MCP servers

Tavora agents can call tools exposed by any Model Context Protocol (MCP) server the workspace has registered. Inside an execute_js block the agent writes code like:

var list = require('tasklist-example').create_task_list({ name: 'Europe trip' });
var added = 0;
var cities = ['Berlin', 'Munich', 'Hamburg', 'Cologne'];
for (var i = 0; i < cities.length; i++) {
  require('tasklist-example').add_task({
    list_id: list.content.id,
    title: 'Visit ' + cities[i]
  });
  added++;
}
return added + ' tasks added';

One execute_js turn can make as many MCP calls as the plan needs. The SDK-side workflow to make that work is three steps:

Register — store the URL, transport, and auth for the server.
Test — dial the server, capture its tool schemas, and materialise a governed skill row.
(Optional) Bind — pin specific MCP skills to an agent version via skills_json.

1. Register

server, err := client.CreateMCPServer(ctx, tavora.CreateMCPServerInput{
    Name:       "tasklist-example",
    URL:        "https://example.com/mcp",
    Transport:  "streamable_http", // or "sse"
    AuthConfig: json.RawMessage(`{"type":"bearer","token":"` + secret + `"}`),
})

Transports: streamable_http (recommended) or sse. Auth shapes:

Type	JSON
Bearer token	`{"type":"bearer","token":"..."}`
Custom header	`{"type":"header","name":"X-Foo","value":"..."}`

The server on your side must validate the same secret on every incoming request — see examples/tasklist/internal/web/mcp.go for a reference bearer-gate middleware.

2. Test

result, err := client.TestMCPServer(ctx, server.ID)
// result.Tools        → []MCPToolSchema captured from tools/list
// result.Drift        → diff vs the prior snapshot (added/removed/changed)
// result.IsFirstTest  → true if this is the initial capture
// result.Skill        → the materialised skill row

TestMCPServer does three things atomically on the backend:

Dials the MCP server using the registered auth.
Calls tools/list and captures every advertised tool’s name, description, and input schema.
Upserts a type='mcp' skill row linked to the server, storing the captured tools under parameters.tools with a tested_at timestamp.

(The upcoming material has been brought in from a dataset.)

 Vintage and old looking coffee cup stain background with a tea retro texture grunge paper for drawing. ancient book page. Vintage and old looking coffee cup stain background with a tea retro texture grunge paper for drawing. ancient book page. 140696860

If the dial or list fails, TestMCPServer returns an error and no skill row is created or modified — broken MCP servers surface here rather than mid-run.

Drift detection

Re-running TestMCPServer against a server with an existing snapshot returns a Drift struct listing what changed:

if !result.IsFirstTest && result.Drift.HasDrift() {
    fmt.Printf("added: %v\n", result.Drift.Added)
    fmt.Printf("removed: %v\n", result.Drift.Removed)
    for _, c := range result.Drift.Changed {
        fmt.Printf("changed: %s (%s)\n", c.Name, c.What)
    }
}

Drift fields are by tool name; whitespace-only changes in input schemas don’t count as drift (the comparison is structural).

CLI equivalent

tavora mcp create --name tasklist-example --url https://... \
    --transport streamable_http
tavora mcp test SERVER_ID

3. Runtime behaviour

At every agent run, the runtime picks how each enabled MCP server reaches the sandbox:

Server state	Result
Tested, skill enabled	Sandbox pack built from stored schemas — no fresh `tools/list` handshake.
Tested, skill disabled	Server skipped (admin kill-switch).
Never tested	Fallback: dial + list at run time (backwards compat).
Server disabled	Always skipped regardless of skill state.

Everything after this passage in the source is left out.